Yeah, here we go. Better memory, more personalized. It's so it's in here somewhere.
>> Memory sources.
>> Yeah, memory sources. That's it.
>> Okay.
>> Um >> talk Oh, I see. Right. Relevant, non-memory, not relevant. Talk talk a little bit about what they're doing here. What we're seeing in the screenshot.
>> Yeah. So, I I I don't know about the mechanisms, right? But what they're doing here is very simple. the information that you want to surface up right right um the information or memories that GPT is probably consolidating over interaction and it's using them to answer questions in a moment but there needs to be a way to sort of say oh this source you're using this memory you're using is bad and don't use it again or it's good use it again it's a reinforcing mechanism of um of of memory for GPT or for the LLM itself which is going to improve the experience the personalization of GPT to the end user. But again, this is not new because this we've seen this mechanism um I think three years back in a Stanford paper called Simuaka generated.

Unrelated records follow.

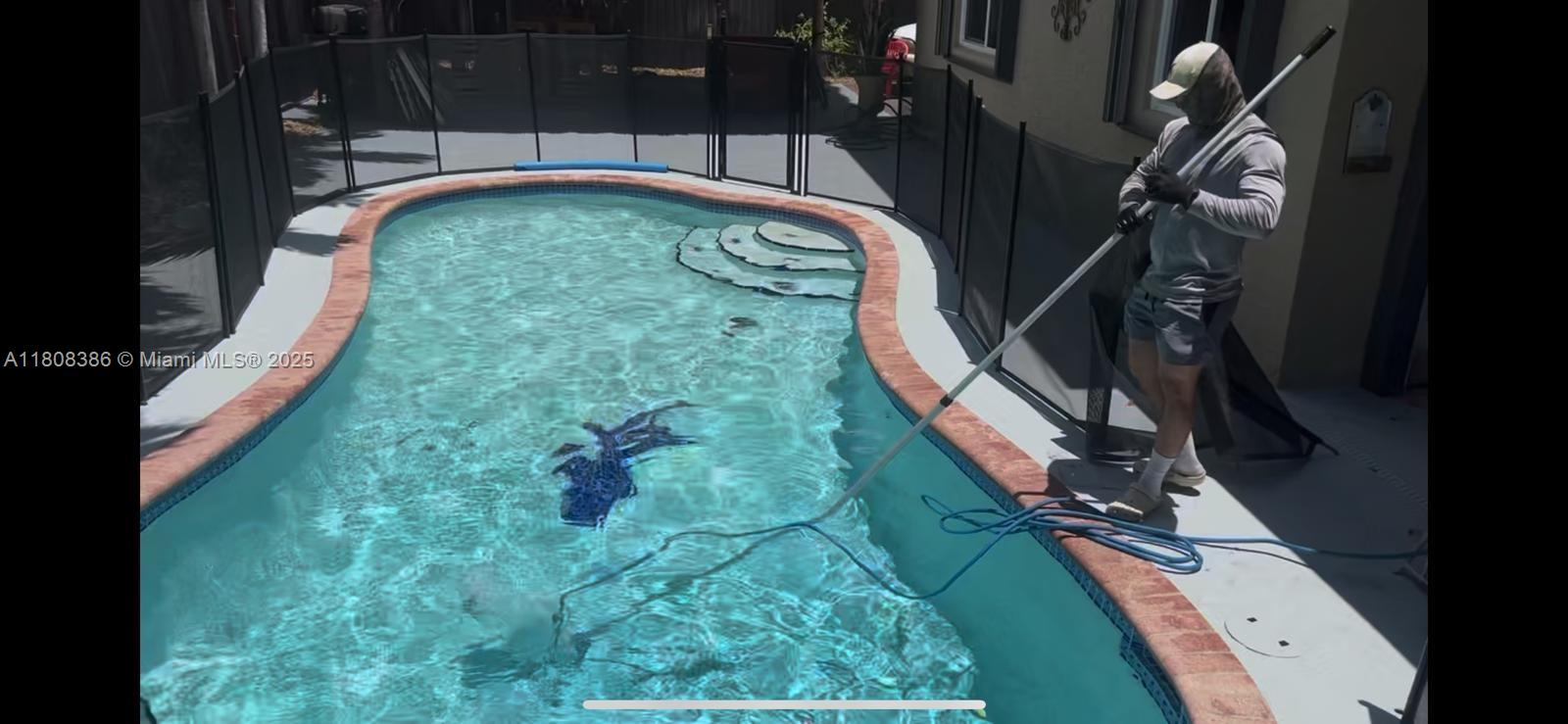 Profitable, Insured Pool Maintenance And Repair Business For Sal Property Photo 3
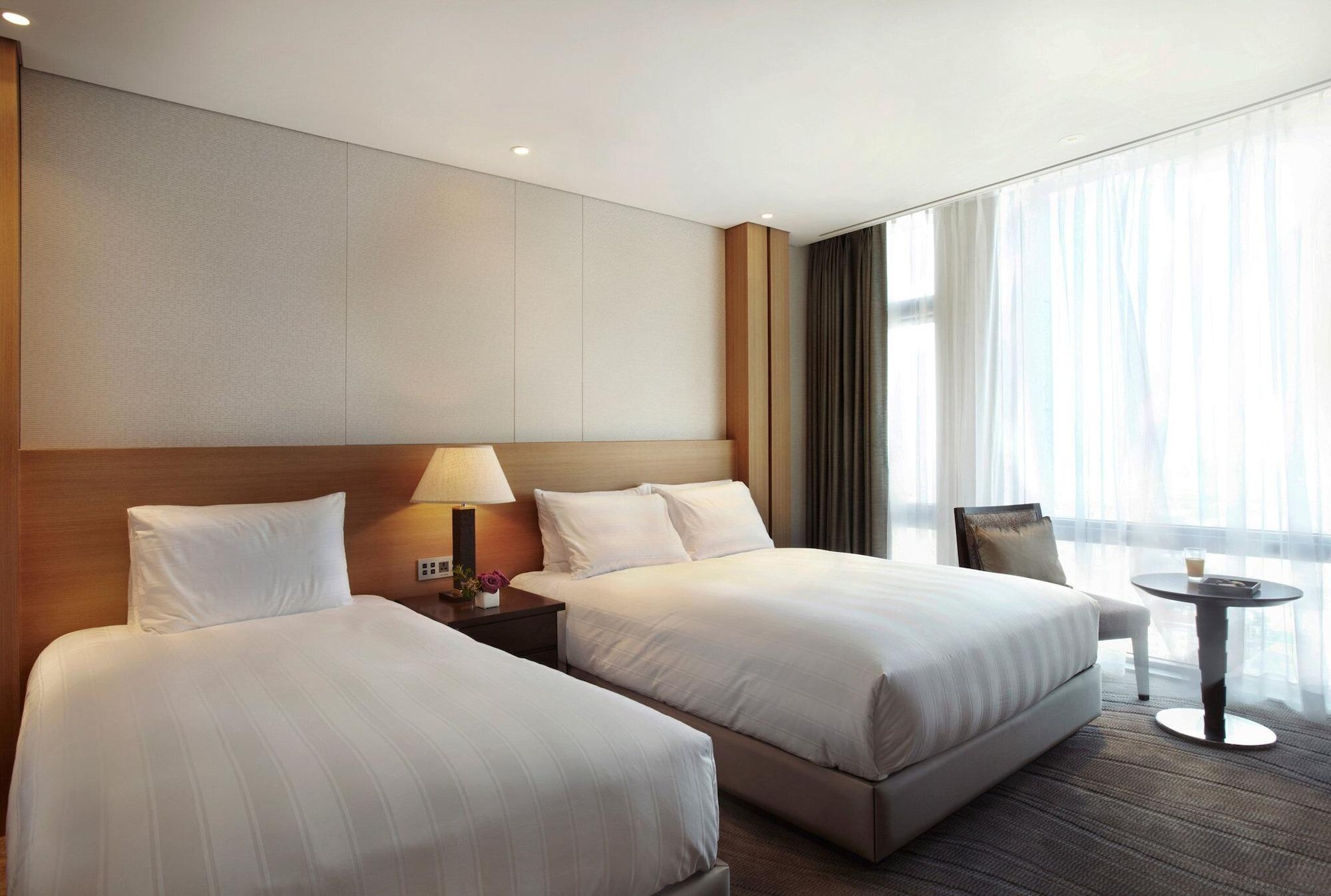 Lotte City Hotel Jeju Bagian luar foto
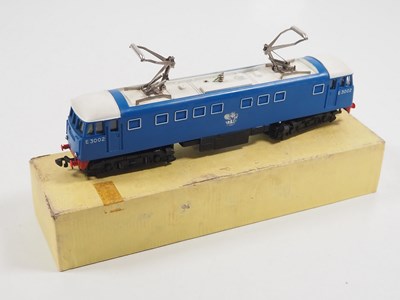 Lot 463 - A HORNBY DUBLO OO gauge 2245 2-rail AL-1...
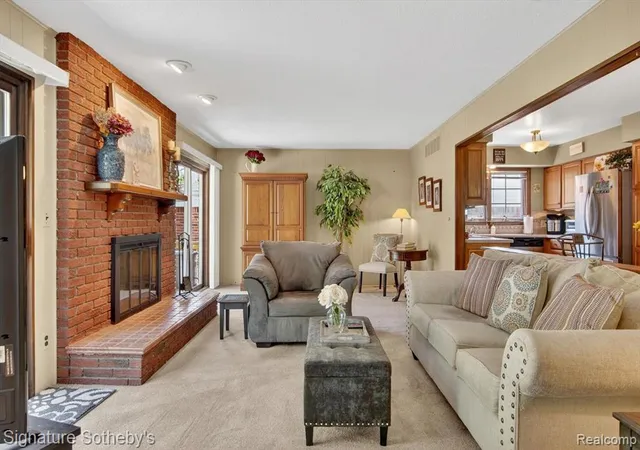 Homes for sale in Plymouth, MI | 1782 Nantucket Rd, Plymouth, MI 48170 | MLS# 60995270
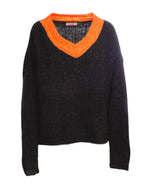 Pulover negru cu decolteu în V și detalii portocalii la guler.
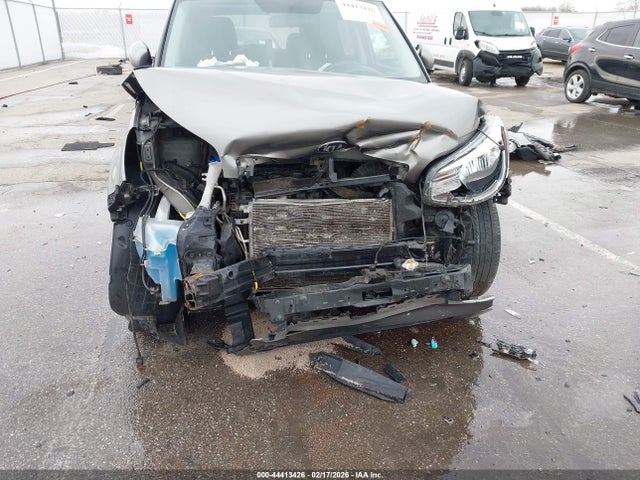 2018 Kia Soul + მანქანა იყიდება აუქციონზე, vin: KNDJP3A5XJ7541528, აუქციონის ნომერი: 44413426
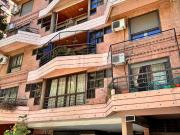 ALQUILER DPTO 3 AMBIENTES COCHERA BALCON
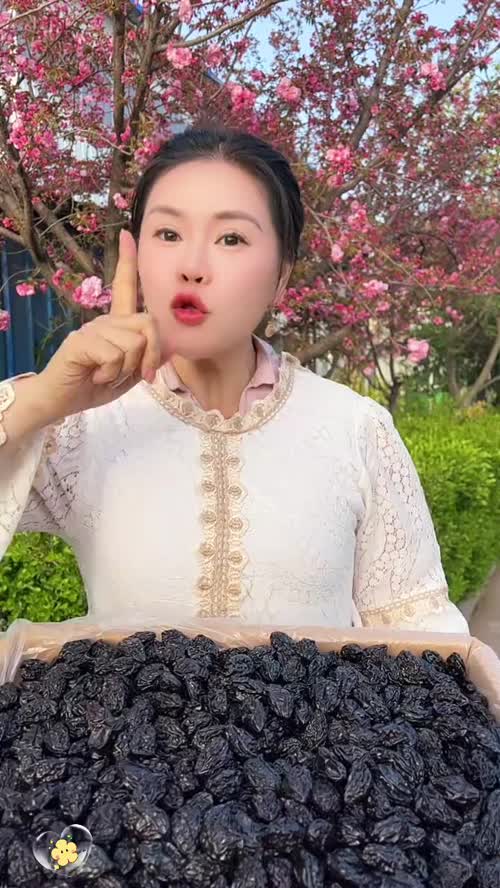 夏天到了吃啥果干？那一定是西梅干！自然晾晒，无蜜饯无腌制，酸甜可口，满满的膳食纤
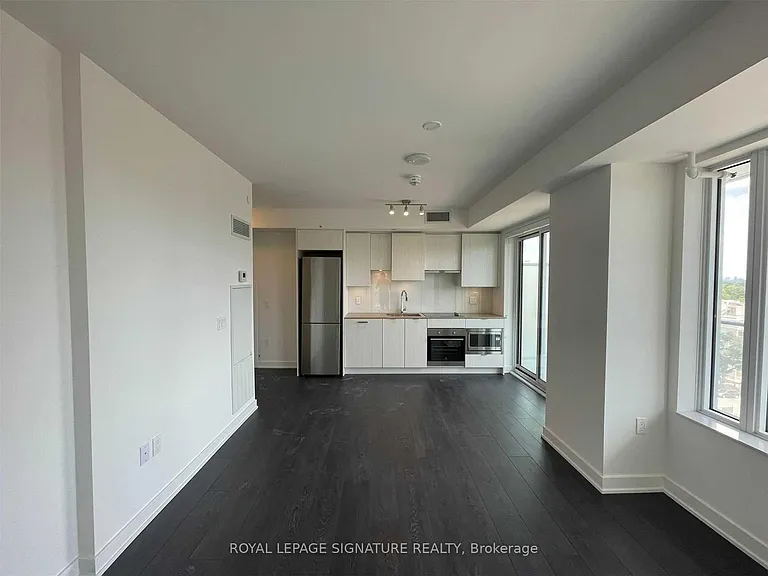 195 Redpath Ave #804 — Photo 2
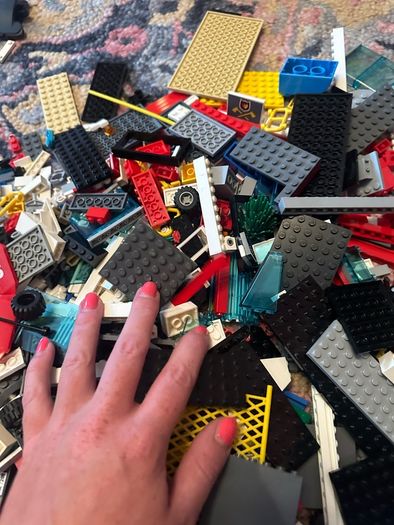 Lego bundle 2.7kg plus retired baseboards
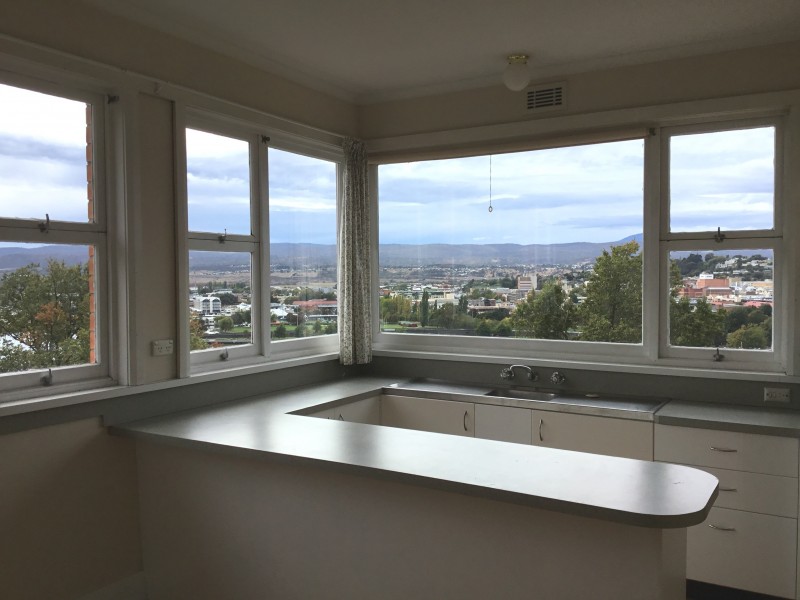 17a South Esk Drive, Trevallyn TAS 7250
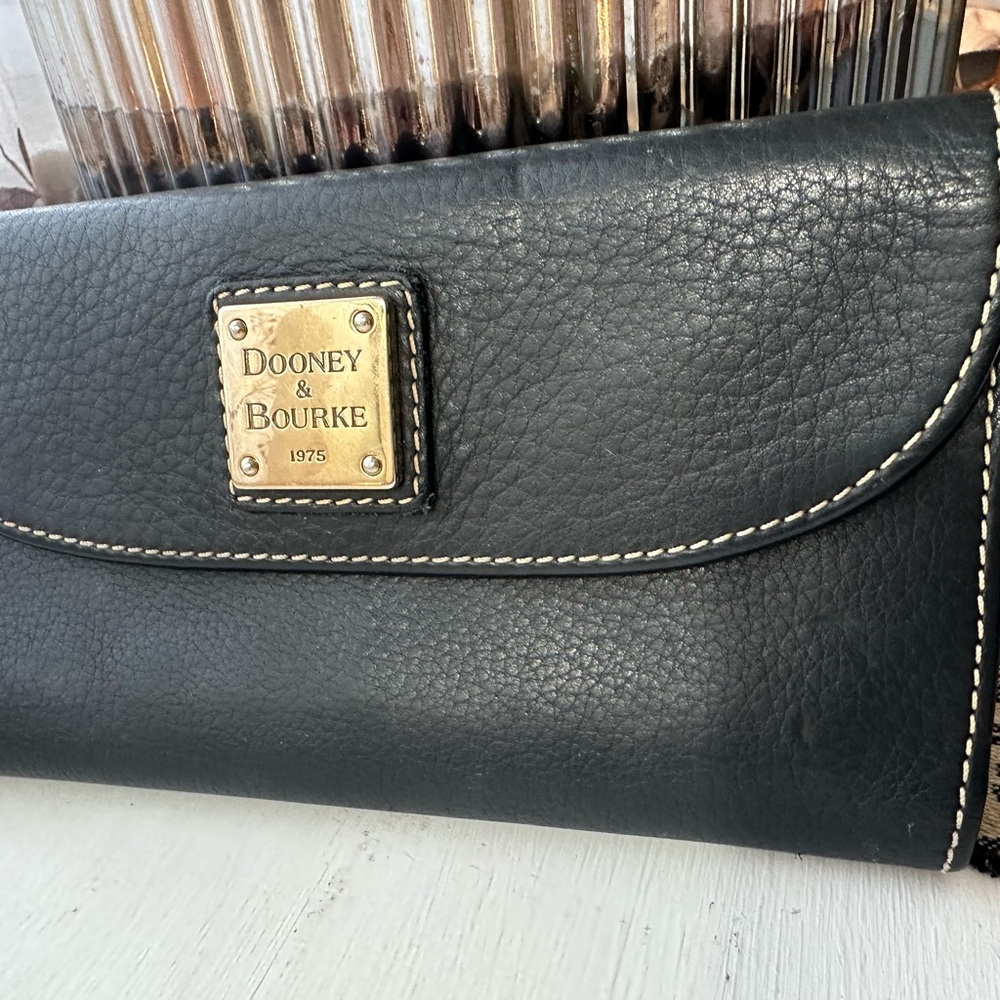 Dooney & Bourke Pebbled Black Leather Continental Clutch
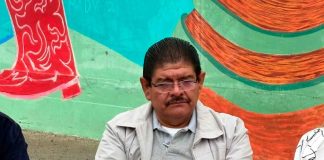 Hoy se entregará segunda notificación a ambulantes en el plantón de Poder de Base para que se retiren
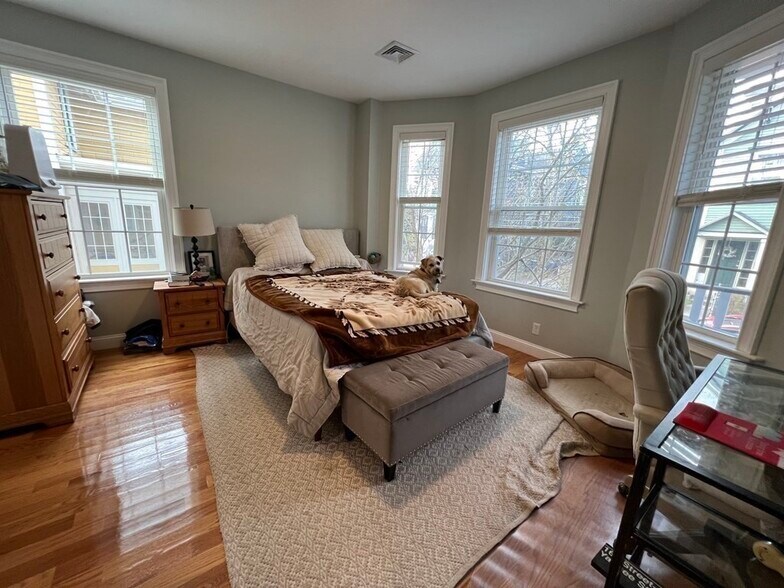 Building Photo - 20 Kenton Rd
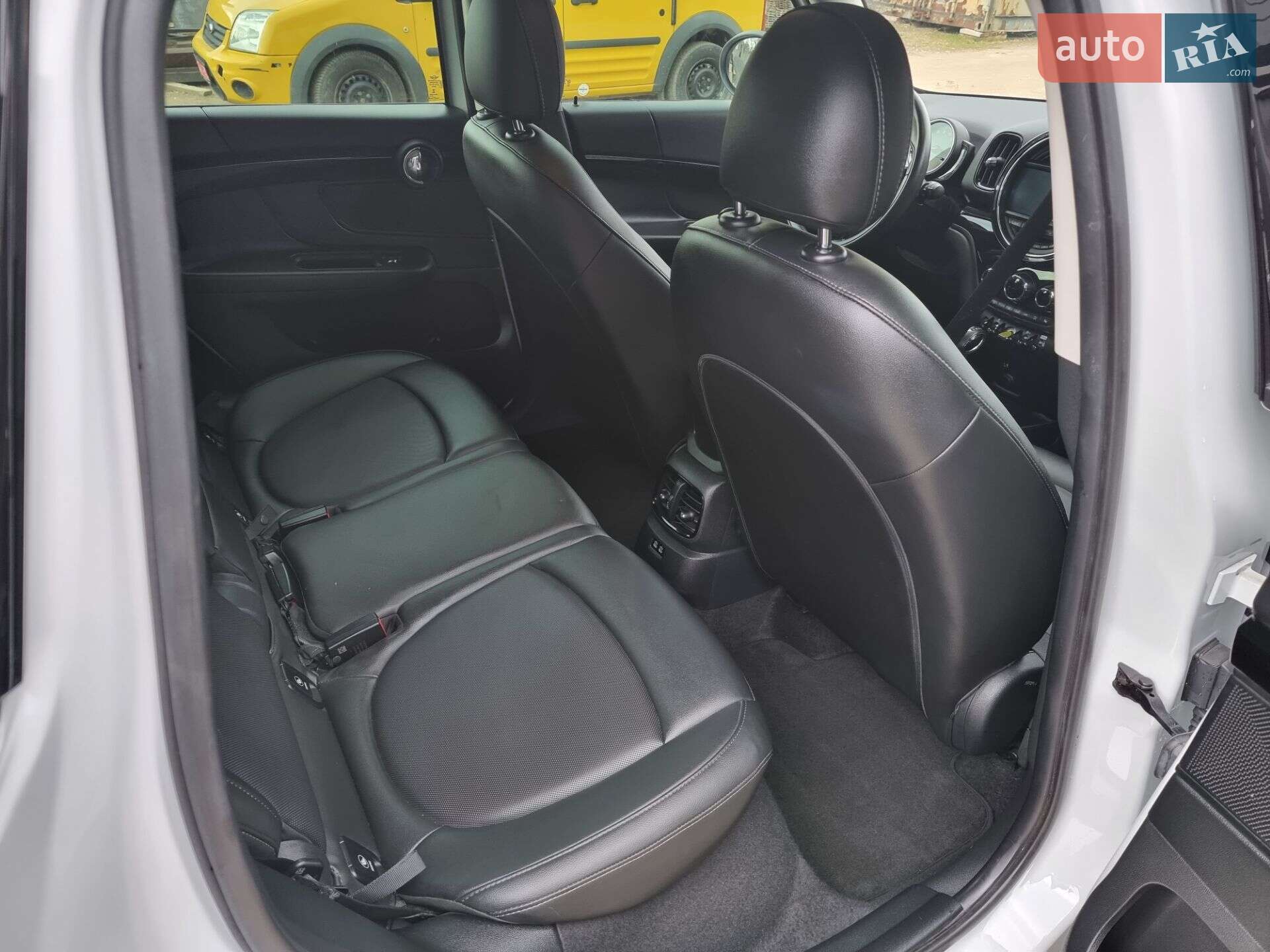 Mini Countryman 2018 VIN WMZYU7C55K3F94550 фото оголошення 27 з 38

>> Oh yeah. Oh, I made a video about that.
Human Simulator locker. Yeah. Uh simula paper. That was so good.
>> Uh here this one >> Jun Park. Yep.
>> Bam. Th this one this one changed my life. I I read this maybe a dozen times, Richmond. Like I this was one of the most fascinating papers that I ever read. Actually, one of the first papers I ever reviewed on the channel.
>> Oh wow. Wow. Yeah. It's it's such it's such a good paper and um it's one of the paper I when I met um Andrew Inc. for the first time, it's one of the first paper we both spoke about, right? Uh this was over three years ago when I met him. We did a couple courses together and we were just nerding out on this paper and this paper has um I think has all the foundation work that we see in a lot of memory implementation today right including this forgetting mechanism.
Totally >> or this mechan Yeah. So it's a good paper it's still relevant today. If you haven't read it you should go read it.
you're looking at again it's three years ago or maybe four years ago now I don't even know but it's so relevant today.
>> Yeah, absolutely. Um just imagine they dro Okay, so look at the date first of all. August 6, 2023, not too long after Chat GBT really blew up. And so what they did was they took a thousand agents, gave them all personalities, gave them all memory and and dropped them in this little simulated town and allowed them to basically live life and >> there was some really interesting emergent properties that that came from it. like they would form relationships and then uh I think one example I mean maybe it doesn't seem as as mind-blowing today but at the time it was um one agent it was their birthday so they invited their friend to their birthday party their friend invited that another friend and and asked if it was okay if they could bring another friend like this is all like very emergent humanlike behavior which I is so interesting >> Matt and I have to agree with you which is it it it might sound not exciting today but it was so exciting at the time I was like wow >> obviously um memor is where it's at. I would say this right this was and the way I describe it to people today this was mult book before mult book >> yes oh I didn't put that together that's such a good call yes >> totally uh okay okay so what do you I think like we were talking right before we started the stream and you you had some thoughts as to like is human in the loop could a human grading human as a judge going to be persistent. Is it going to stick around? Cuz it just seems like that's that's probably the slow part of this entire process here.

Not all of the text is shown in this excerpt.